James Bower

CEO, Numedeon Inc.
Computational Neuroscientist

James M. Bower is a Visiting Professor of Computational Neuroscience in the Bio-computation Research Group at the University of Hertfordshire, UK as well as an Affiliate Professor of Biology at Southern Oregon University in Ashland, Oregon.  He was previously a professor in the University of Texas System and at the California Institute of Technology.  He received his PhD from the Department of Neurophysiology at the University of Wisconsin, Madison, and completed postdoctoral studies in the Department of Physiology and Biophysics at New York University and at the Marine Biological Laboratory in Woods Hole, Massachusetts. 
 
Dr.

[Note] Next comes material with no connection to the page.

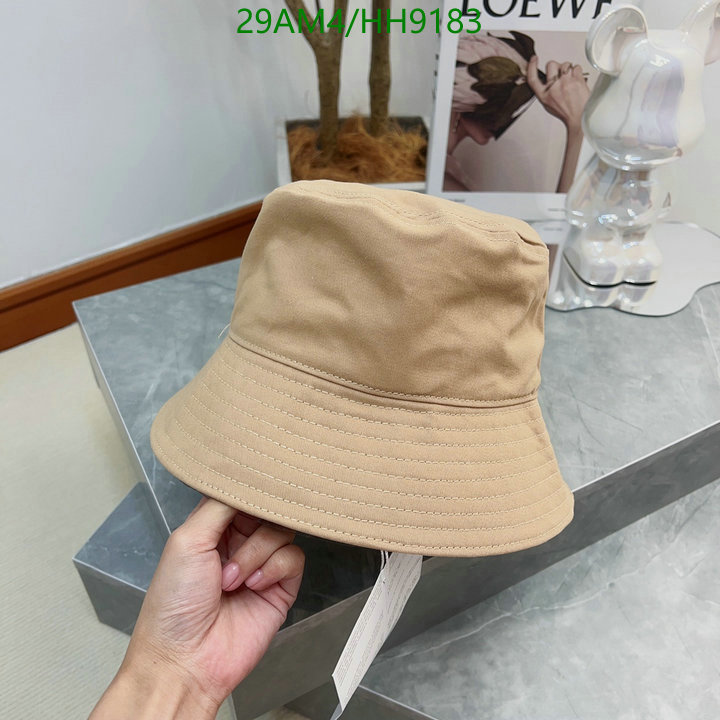 Miu Miu-Cap(Hat) Code: HH9183 $: 29USD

Bower’s research in Computational Neuroscience has focused on the physiological and functional organization of cortical structures in the mammalian brain including both the cerebral (olfactory) cortex and the cerebellum. He has been actively involved in the development of scientific infrastructure including the GENESIS neural simulation system, as well as founding several scientific meetings and journals including the annual international meeting in Computational Neuroscience (CNS) and summer courses in Computational Neuroscience in the United States, Europe, and Latin America.  He is also one of the founding editors of the Journal of Computational Neuroscience and was one of the original organizers of the NIPS (now NeurIPS) meeting in Neural Information Processing Systems. 
 
In addition to his scientific interests, Dr. Bower also has a long-standing interest and involvement in science education and educational innovation. For 17 years he co-directed the Caltech Precollege Science Initiative (CAPSI) and in 1999 he founded the virtual game-based learning world for children Whyville.net, now with more than 8 million registered users worldwide, which he continues to manage as CEO of Numedeon Inc. 
 
Dr. Bower is currently making an effort to simulate a 19th century landed gentry scientist while managing Sundance Farms with holdings in Southern and Central Oregon and on the Oregon Coast, while also working on a manuscript describing the development of the structure of matter over the last 13.7 billion years.